Quote the line containing "Great Cavalier Silk" and all lines that follow it in the listing below, exactly as written.
++++
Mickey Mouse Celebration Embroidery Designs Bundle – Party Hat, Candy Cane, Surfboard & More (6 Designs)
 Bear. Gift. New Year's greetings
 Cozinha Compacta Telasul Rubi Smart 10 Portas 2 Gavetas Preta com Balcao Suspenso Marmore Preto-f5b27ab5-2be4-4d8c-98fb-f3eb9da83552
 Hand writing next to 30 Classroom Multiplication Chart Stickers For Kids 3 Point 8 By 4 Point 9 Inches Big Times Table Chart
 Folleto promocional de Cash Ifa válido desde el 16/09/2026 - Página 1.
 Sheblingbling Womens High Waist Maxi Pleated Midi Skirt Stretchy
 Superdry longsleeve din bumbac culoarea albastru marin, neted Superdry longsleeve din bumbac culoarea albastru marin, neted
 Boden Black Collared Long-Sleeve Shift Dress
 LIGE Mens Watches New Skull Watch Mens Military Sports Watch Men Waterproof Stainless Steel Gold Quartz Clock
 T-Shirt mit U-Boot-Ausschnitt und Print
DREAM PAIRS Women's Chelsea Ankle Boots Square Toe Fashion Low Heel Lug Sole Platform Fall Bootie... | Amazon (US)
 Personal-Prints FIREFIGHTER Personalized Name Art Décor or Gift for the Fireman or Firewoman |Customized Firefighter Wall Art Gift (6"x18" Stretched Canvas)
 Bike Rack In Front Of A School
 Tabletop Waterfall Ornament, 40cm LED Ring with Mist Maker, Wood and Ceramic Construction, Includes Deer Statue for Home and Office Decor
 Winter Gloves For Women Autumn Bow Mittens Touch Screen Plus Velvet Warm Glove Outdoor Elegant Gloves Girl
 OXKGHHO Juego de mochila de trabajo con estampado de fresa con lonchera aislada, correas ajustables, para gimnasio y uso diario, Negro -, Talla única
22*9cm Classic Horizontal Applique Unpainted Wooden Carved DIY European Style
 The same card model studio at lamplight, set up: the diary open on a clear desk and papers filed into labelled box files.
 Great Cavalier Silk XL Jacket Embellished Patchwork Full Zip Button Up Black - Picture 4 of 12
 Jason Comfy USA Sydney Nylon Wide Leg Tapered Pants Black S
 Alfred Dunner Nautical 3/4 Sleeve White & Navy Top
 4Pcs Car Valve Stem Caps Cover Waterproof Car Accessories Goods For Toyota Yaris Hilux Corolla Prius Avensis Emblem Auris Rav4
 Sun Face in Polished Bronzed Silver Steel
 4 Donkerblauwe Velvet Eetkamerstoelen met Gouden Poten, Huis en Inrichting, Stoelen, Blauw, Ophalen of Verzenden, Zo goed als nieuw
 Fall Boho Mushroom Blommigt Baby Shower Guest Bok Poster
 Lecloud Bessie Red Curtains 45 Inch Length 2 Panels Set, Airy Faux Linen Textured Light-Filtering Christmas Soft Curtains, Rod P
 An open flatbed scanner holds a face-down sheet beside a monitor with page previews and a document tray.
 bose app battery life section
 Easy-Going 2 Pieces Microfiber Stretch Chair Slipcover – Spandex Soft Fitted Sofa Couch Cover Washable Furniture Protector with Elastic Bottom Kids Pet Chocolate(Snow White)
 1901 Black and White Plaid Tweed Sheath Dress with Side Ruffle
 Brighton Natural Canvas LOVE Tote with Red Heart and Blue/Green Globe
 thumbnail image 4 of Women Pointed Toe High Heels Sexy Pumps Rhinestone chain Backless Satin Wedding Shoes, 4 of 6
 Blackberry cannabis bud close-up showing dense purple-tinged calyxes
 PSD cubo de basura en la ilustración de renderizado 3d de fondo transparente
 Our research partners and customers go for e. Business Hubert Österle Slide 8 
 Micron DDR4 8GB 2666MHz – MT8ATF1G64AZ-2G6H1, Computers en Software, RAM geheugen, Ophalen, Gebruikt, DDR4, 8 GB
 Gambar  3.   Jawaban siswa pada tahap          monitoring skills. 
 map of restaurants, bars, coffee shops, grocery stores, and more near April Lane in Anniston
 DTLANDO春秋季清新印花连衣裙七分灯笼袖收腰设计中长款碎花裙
++++
▶ ANSWER FOR THIS EXERCISE:
 Great Cavalier Silk XL Jacket Embellished Patchwork Full Zip Button Up Black - Picture 4 of 12
 Jason Comfy USA Sydney Nylon Wide Leg Tapered Pants Black S
 Alfred Dunner Nautical 3/4 Sleeve White & Navy Top
 4Pcs Car Valve Stem Caps Cover Waterproof Car Accessories Goods For Toyota Yaris Hilux Corolla Prius Avensis Emblem Auris Rav4
 Sun Face in Polished Bronzed Silver Steel
 4 Donkerblauwe Velvet Eetkamerstoelen met Gouden Poten, Huis en Inrichting, Stoelen, Blauw, Ophalen of Verzenden, Zo goed als nieuw
 Fall Boho Mushroom Blommigt Baby Shower Guest Bok Poster
 Lecloud Bessie Red Curtains 45 Inch Length 2 Panels Set, Airy Faux Linen Textured Light-Filtering Christmas Soft Curtains, Rod P
 An open flatbed scanner holds a face-down sheet beside a monitor with page previews and a document tray.
 bose app battery life section
 Easy-Going 2 Pieces Microfiber Stretch Chair Slipcover – Spandex Soft Fitted Sofa Couch Cover Washable Furniture Protector with Elastic Bottom Kids Pet Chocolate(Snow White)
 1901 Black and White Plaid Tweed Sheath Dress with Side Ruffle
 Brighton Natural Canvas LOVE Tote with Red Heart and Blue/Green Globe
 thumbnail image 4 of Women Pointed Toe High Heels Sexy Pumps Rhinestone chain Backless Satin Wedding Shoes, 4 of 6
 Blackberry cannabis bud close-up showing dense purple-tinged calyxes
 PSD cubo de basura en la ilustración de renderizado 3d de fondo transparente
 Our research partners and customers go for e. Business Hubert Österle Slide 8 
 Micron DDR4 8GB 2666MHz – MT8ATF1G64AZ-2G6H1, Computers en Software, RAM geheugen, Ophalen, Gebruikt, DDR4, 8 GB
 Gambar  3.   Jawaban siswa pada tahap          monitoring skills. 
 map of restaurants, bars, coffee shops, grocery stores, and more near April Lane in Anniston
 DTLANDO春秋季清新印花连衣裙七分灯笼袖收腰设计中长款碎花裙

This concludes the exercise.